Barclays has conceded defeat in the battle for Dutch bank ABN Amro and withdrawn its €61bn offer after failing to get enough shares tendered by yesterday’s closing date.
The British bank also said it is requesting payment of the €200m break-up fee which it is entitled too under the merger protocol with ABN Amro signed in April. ‘This fee will significantly exceed the costs that Barclays incurred,’ the bank’s statement said.
The decision clears the way for the consortium of three banks led by the Royal Bank of Scotland (RBS) to take over ABN Amro and divide up the banking group.
The consortium’s bid, which is worth some €9bn more than the Barclays offer, closed today.
RBS declined to comment on Barclays’ withdrawal.
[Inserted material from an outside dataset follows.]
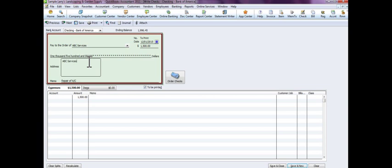And because this is a quick start or quick setup vendor, we don't have an address, we don't have anything within this column here other than the name. If you want to put the address, you can, and again it'll add it.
However, one its consortium partners, Fortis, said there would be no news from its side over the amount of shares tendered until next week.
‘Don’t expect any further communication from us today or over the weekend,’ a spokeswoman told news agency ANP. Belgian bank insurer Fortis is set to take over ABN Amro’s Benelux operations.
Dutch banking unions said they would now focus on Fortis and press for clarity on job losses – put at a likely 5,800.
The EU has ordered Fortis to divest some 10% of ABN Amro’s Dutch operations because of competition considerations.
The hard-fought battle for the Dutch bank began in February when a hedge fund said its share performance was ‘terrible’ and suggested a takeover would be a way to create shareholder value.